In Xenotransplantaten bei Mäusen wurden nach Rekonstitution der Expression von miR-15a und miR-16 ein Wachstumsstop, Apoptose
und eine deutliche Regression des Tumors beobachtet.
Durch miR-34a werden Prostatakrebs-Stammzellen und die Metastasierung durch direkte Repression von CD44 inhibiert [6].
Das Oberflächen-Adhäsionsmolekül CD44 wird von zahlreichen Krebsstammzellen überexprimiert. Es spielt eine Rolle bei der Förderung
des Tumorwachstums und insbesondere auch bei der Metastasierung. Die Regulierung von Krebsstammzellen – wie auch die von normalen
Stammzellen – erfolgt durch miRNA. Prostatakrebs-Stammzellen mit erhöhter Fähigkeit zur klonalen Expansion, Tumorinitiation und
Metastasierung finden sich vermehrt in der CD44+-Zellpopulation. Aktuell wurde anhand von Expressionsanalysen nachgewiesen, dass
miR-34a in CD44+-Prostatakrebszellen vermindert exprimiert war. Durch erzwungene Expression von miR-34a in CD44+-Prostatakrebszellen
wurden die klonale Expansion, die Tumorregeneration und die Metastasierung unterdrückt.
Als potenzielles Ziel für die Prostatakrebstherapie gilt auch miR-143. Seine Konzentration in Prostatakrebszellen ist umso geringer,
je fortgeschrittener das Krankheitsstadium ist (Abb. 2). Nach Einbringen von miR-143 in Prostatakrebszellen durch Elektroporation in
vivo bei Mäusen kam es zum Stillstand der Zellproliferation und des Tumorwachstums. Mithilfe von Bioinformatics-Analysen wurde ERK5
als ein potenzielles Ziel von miR-143 identifiziert. ERK5 fördert das Zellwachstum und die Zellproliferation als Reaktion auf
Zellwachstumssignale und die Aktivierung von Tyrosinkinase. Es zeigte sich, dass ERK5 in Prostatakrebsgewebe verglichen mit normalem
Prostatagewebe deutlich vermehrt exprimiert wurde (Abb. 3) [7].
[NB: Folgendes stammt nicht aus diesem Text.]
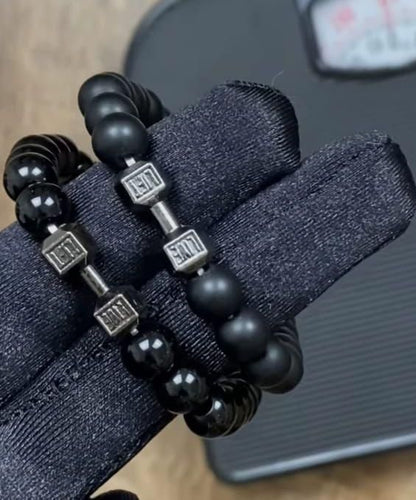 Black Matte Agate Onyx Beads Bracelet Pack of 2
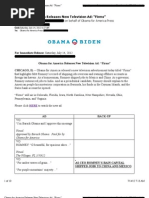 Obama for America Releases New Television Ad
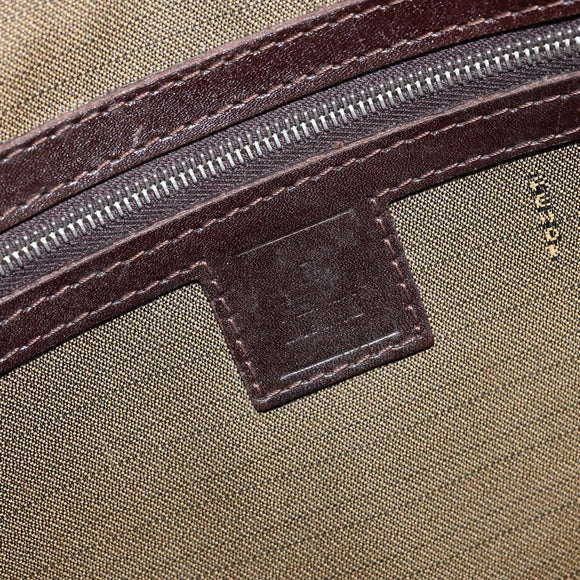 FENDI Zucca Canvas Hand Bag Black Brown Auth 153067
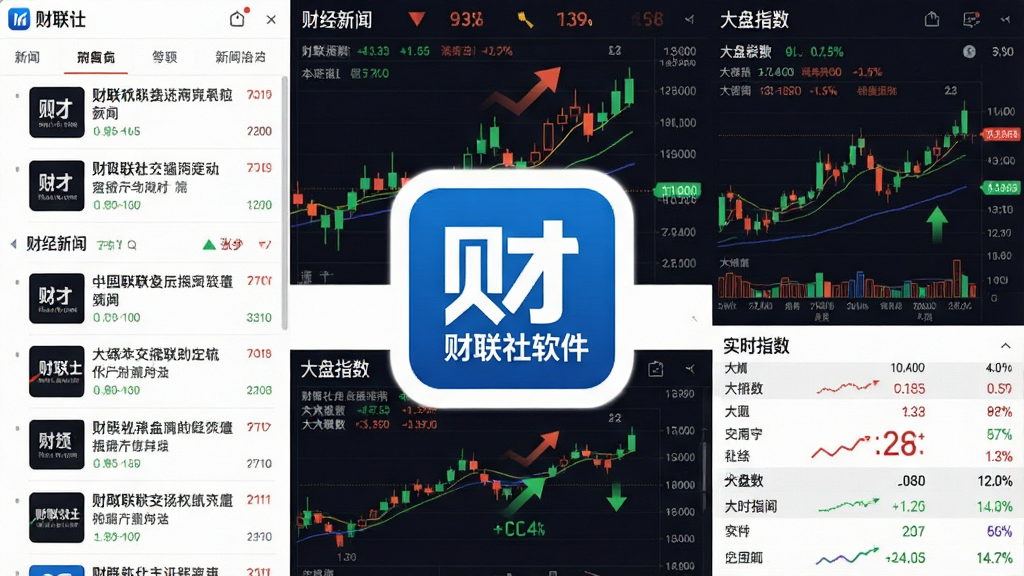 一张展示财联社软件主界面的图片,画面中央是财联社的蓝色Logo,周围环绕着股票走势图、财经新闻标题和实时数据面板。布局采用左右分栏,左侧为新闻列表,右侧为大盘指数。排版清晰,风格现代商务,细节包括K线图、涨跌箭头、数字跳动效果。画质高清,干净整洁,无多余元素,整体呈现专业财经资讯平台的视觉氛围。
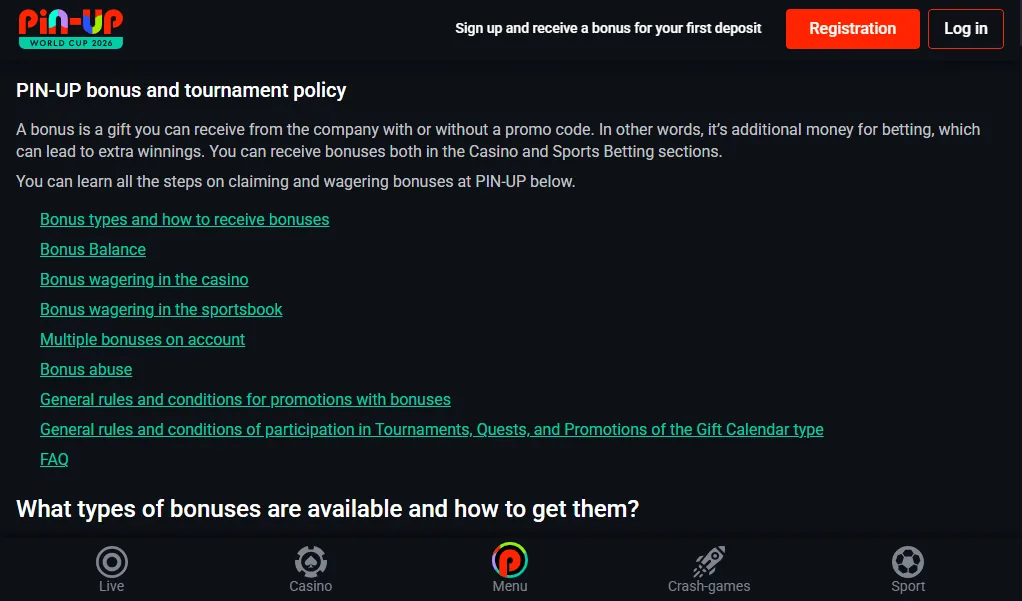 Screenshot of Pin-Up's bonus terms and wagering requirements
Durch miRNA, die über die lange 3‘-untranslatierte Region (3‘UTR) des Androgenrezeptor (AR)-Gens dessen Expression regulieren, lassen
sich unter Umständen therapeutische Strategien entwickeln, die AR-Funktion und damit Androgen-abhängiges Wachstum zu inhibieren. Bei
der Analyse klinischer Prostatakarzinome ergab sich eine negative Korrelation insbesondere zwischen miR-34a wie auch miR-34c und den
AR-Spiegeln [8].
Literatur:
[1] Coppola V, De Maria R, Bonci D, et al. 2010.
MicroRNAs and prostate cancer. Endocrine Related Cancer 17:F1-F17.
[2] Szczyrba J, Löprich E, Jung WS, et al. 2010.
The microRNA profile of prostate carcinoma obtained by deep sequencing. Mol Cancer Res 8:529-538.
[3] Brase JC, Johannes M, Schlomm T, et al. 2011.
Circulationg miRNAs are correlated with tumor progression in prostate cancer. Int J Cancer 128:608-616.
[4] Mahn R, Heukamp LC, Rogenhofer S, et al. 2011.
Circulating microRNAs (miRNAs) in serum of patients with prostate cancer. Urology 77:1265.e9-e16.
[5] Bonci D, Coppola V, Mesumeci M, Addario A, 2008.
The miR-15a–miR-16-1 cluster controlls prostate cancer by targeting multiple oncogenic activities. Nat Med 14:1271-1277.
[6] Liu C, Kelnar K, Liu B, et al. 2011.
The microRNA miR-34a inhibits prostatecancer stem cells and metastasis by directly repressing CD44. Nat Med 17:211-215.
[7] Clapé C, Fritz V, Henriquet C, et al. 2011.
miR-143 interferes with ERK5 signalling, and abrogates prostate cancer progression in mice. PLoS ONE 4:e7542.
[8] Östling P, Leivonen SK, Aakula A , et al. 2011.
Systematic analysis of microRNAs targeting the androgen receptor in prostate cancer cells. Cancer Res 71:1956-1967.